■ Problem to solve: With the pictures left out, transcribe exactly the lines from the one with "Toyota Auris, 2017" through the end of the data.
# # # # # # #
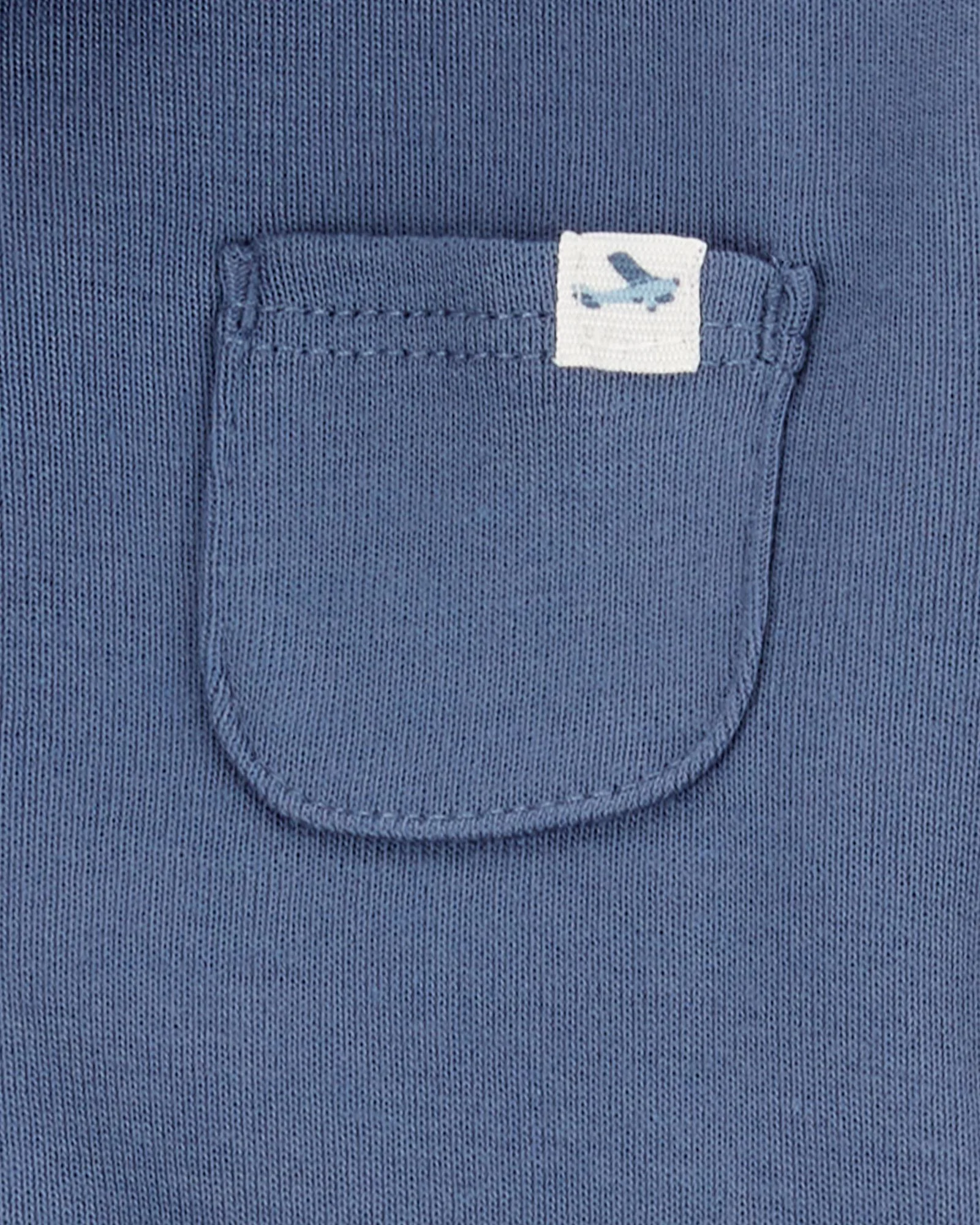 Carter's Комплект 3 в 1 Dark Blue - кардиган, боди и штаны foto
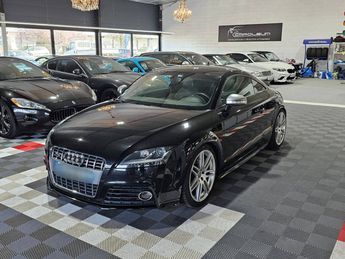  Voir d&eacute;tails -Audi TT Coupe TTS 272 2.0 TFSI Quattro BVM &agrave; B�thune (62)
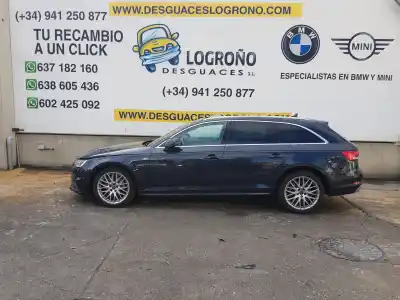 Здавання транспортного засобу audi                                               a4 b9 avant (8w5, 8wd)                                                                                                                                                                                                                                     3.0 tdi                                                                                                                                                                                                                                                    року 2016 потужний cswb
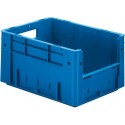 Caisse de transport VTK 400/210-4 bleu
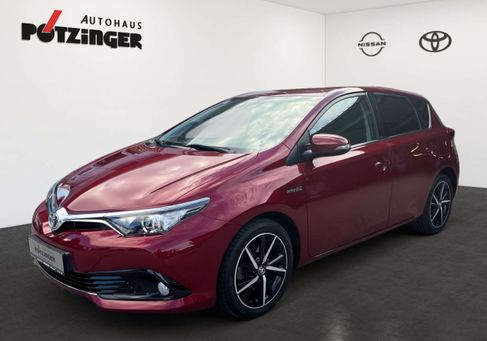 Toyota Auris, 2017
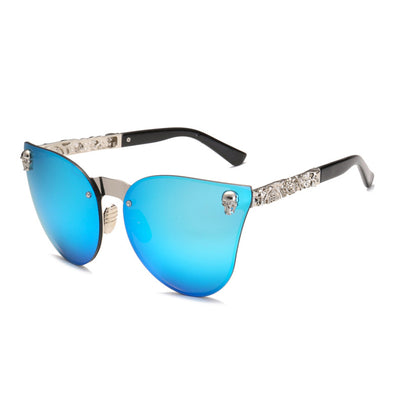 Gafas de Sol Calavera Estilo Europeo y Americano - Image 6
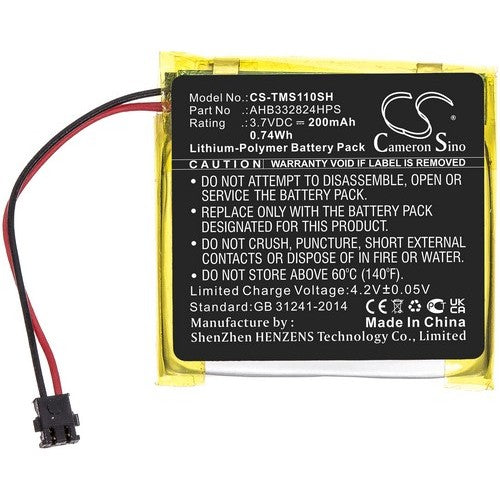 TomTom AHB332824HPS Battery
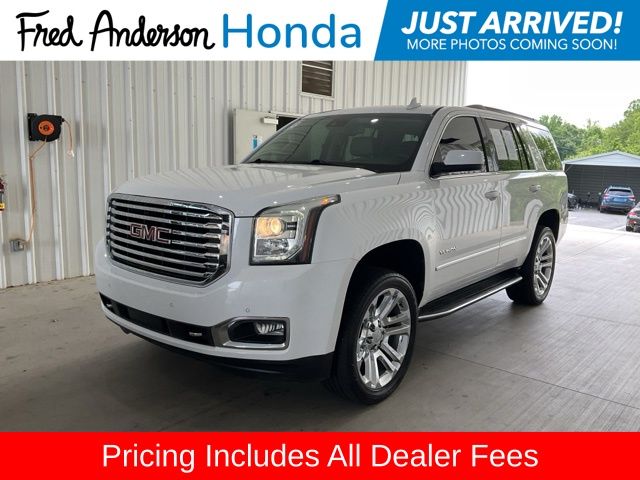2018 GMC Yukon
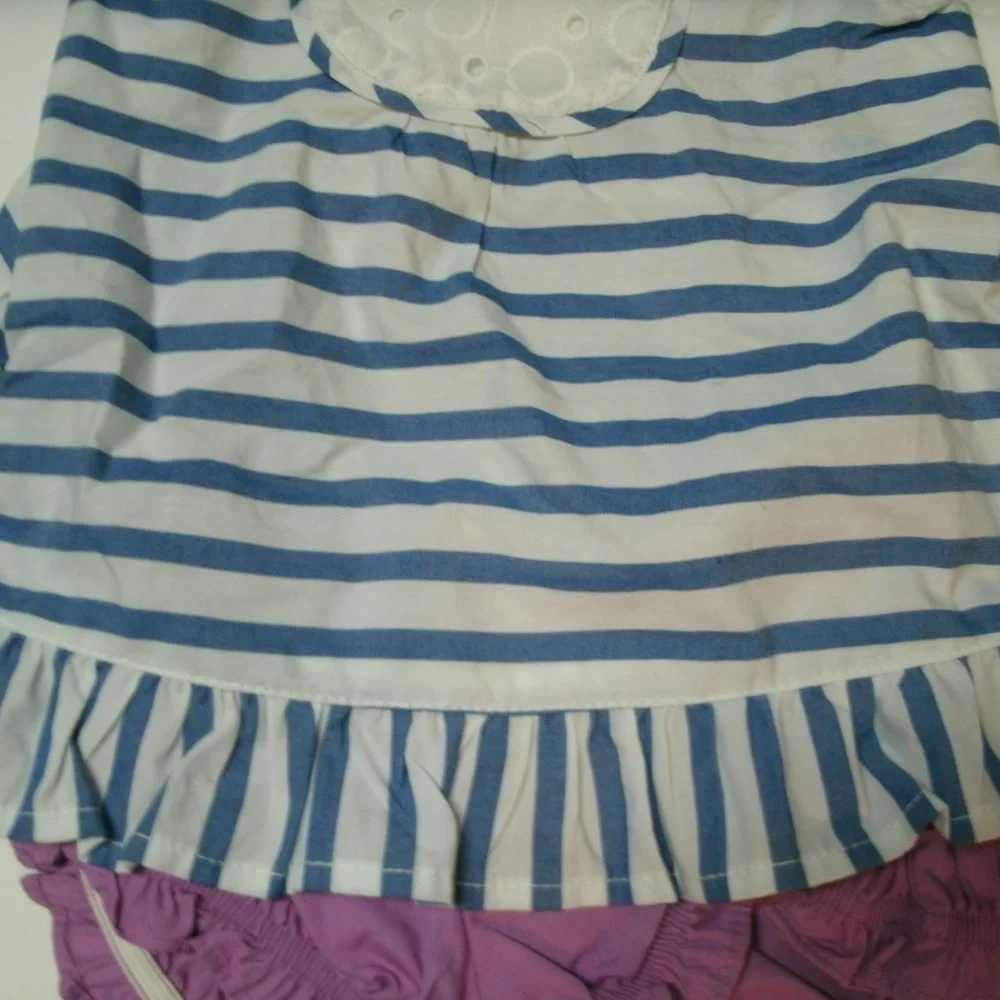 Gymboree girl ruffle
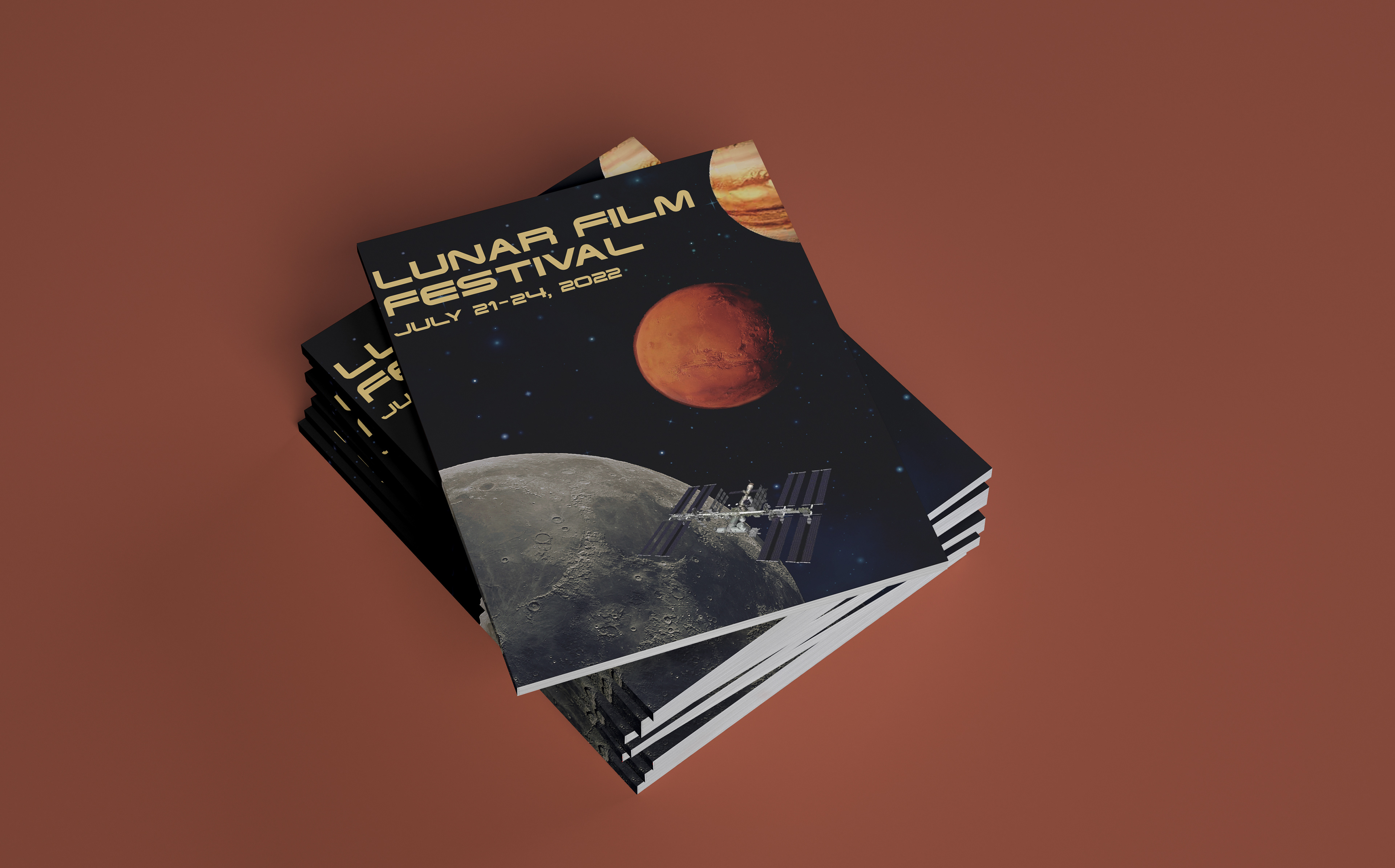 Stack of Programs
# # # # # # #
■ Exercise output:
 Toyota Auris, 2017
 Gafas de Sol Calavera Estilo Europeo y Americano - Image 6
 TomTom AHB332824HPS Battery
2018 GMC Yukon
 Gymboree girl ruffle
 Stack of Programs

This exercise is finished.